Work required: For the listing that follows, give again exactly the lines from the one with "9. MSI MAG 274QP" to the one with "Best Einstielige Kunstlilie", including both.

Record excerpts:

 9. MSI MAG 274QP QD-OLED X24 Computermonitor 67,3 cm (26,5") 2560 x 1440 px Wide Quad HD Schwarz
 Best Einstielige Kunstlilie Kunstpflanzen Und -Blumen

--

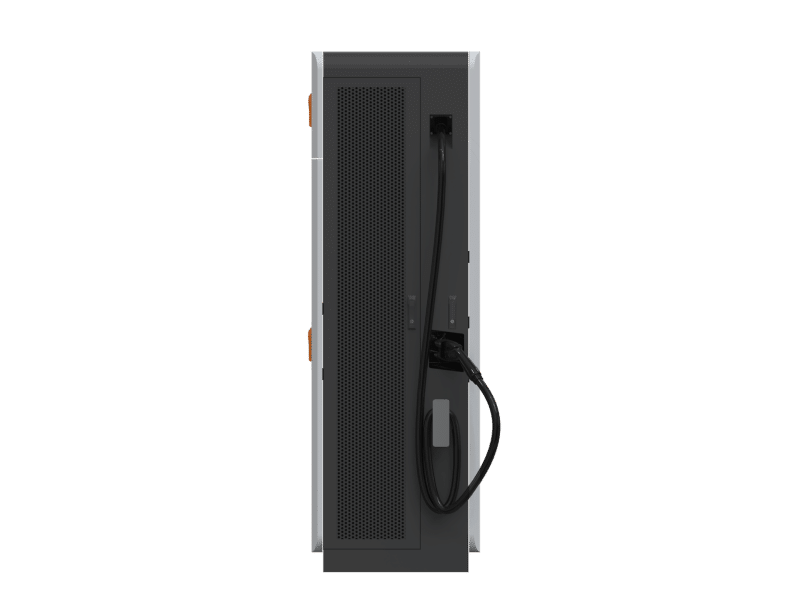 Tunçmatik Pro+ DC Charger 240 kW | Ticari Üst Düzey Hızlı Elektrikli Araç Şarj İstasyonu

Result:
 9. MSI MAG 274QP QD-OLED X24 Computermonitor 67,3 cm (26,5") 2560 x 1440 px Wide Quad HD Schwarz
 Best Einstielige Kunstlilie Kunstpflanzen Und -Blumen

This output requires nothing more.